When you reach the line containing "Saia com estampa" in the entries below, begin reproducing lines exactly, and stop once the line containing "Snapshot of pretty_petite_ebony" is done.
== SOURCE DATA
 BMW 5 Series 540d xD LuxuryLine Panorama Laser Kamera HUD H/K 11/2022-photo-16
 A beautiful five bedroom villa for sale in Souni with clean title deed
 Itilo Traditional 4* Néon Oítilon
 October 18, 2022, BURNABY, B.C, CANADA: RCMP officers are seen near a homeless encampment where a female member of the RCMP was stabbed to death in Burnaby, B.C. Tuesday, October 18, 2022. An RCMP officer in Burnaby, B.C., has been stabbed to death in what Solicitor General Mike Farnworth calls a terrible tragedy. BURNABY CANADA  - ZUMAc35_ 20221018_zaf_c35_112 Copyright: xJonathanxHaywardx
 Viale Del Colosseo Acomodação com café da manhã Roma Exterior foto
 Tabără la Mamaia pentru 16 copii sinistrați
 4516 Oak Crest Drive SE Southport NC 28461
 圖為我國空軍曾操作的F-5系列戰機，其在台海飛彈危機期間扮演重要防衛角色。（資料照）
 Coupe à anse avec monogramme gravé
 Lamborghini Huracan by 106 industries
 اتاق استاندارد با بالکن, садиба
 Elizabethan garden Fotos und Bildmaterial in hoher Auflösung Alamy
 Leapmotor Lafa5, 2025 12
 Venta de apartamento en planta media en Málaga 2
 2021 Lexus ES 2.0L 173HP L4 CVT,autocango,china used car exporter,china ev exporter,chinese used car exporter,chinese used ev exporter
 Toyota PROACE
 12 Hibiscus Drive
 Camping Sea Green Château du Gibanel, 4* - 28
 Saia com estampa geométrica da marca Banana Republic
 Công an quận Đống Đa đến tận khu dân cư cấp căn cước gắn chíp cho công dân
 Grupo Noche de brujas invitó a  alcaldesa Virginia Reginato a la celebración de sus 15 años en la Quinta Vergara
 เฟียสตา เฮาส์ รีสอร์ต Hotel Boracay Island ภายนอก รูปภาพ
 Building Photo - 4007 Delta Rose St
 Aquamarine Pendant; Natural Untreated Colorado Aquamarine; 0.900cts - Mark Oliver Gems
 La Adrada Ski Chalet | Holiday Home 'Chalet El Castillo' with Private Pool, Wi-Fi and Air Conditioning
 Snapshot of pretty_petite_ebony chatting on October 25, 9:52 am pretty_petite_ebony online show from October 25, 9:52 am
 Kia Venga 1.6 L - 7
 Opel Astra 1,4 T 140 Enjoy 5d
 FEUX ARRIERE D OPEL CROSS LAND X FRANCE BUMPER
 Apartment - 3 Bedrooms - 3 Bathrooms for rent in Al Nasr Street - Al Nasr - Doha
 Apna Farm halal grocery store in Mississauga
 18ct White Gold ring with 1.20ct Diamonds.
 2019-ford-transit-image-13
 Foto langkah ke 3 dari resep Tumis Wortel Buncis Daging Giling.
====
### EXERCISE RESULT:
 Saia com estampa geométrica da marca Banana Republic
 Công an quận Đống Đa đến tận khu dân cư cấp căn cước gắn chíp cho công dân
 Grupo Noche de brujas invitó a  alcaldesa Virginia Reginato a la celebración de sus 15 años en la Quinta Vergara
 เฟียสตา เฮาส์ รีสอร์ต Hotel Boracay Island ภายนอก รูปภาพ
 Building Photo - 4007 Delta Rose St
 Aquamarine Pendant; Natural Untreated Colorado Aquamarine; 0.900cts - Mark Oliver Gems
 La Adrada Ski Chalet | Holiday Home 'Chalet El Castillo' with Private Pool, Wi-Fi and Air Conditioning
 Snapshot of pretty_petite_ebony chatting on October 25, 9:52 am pretty_petite_ebony online show from October 25, 9:52 am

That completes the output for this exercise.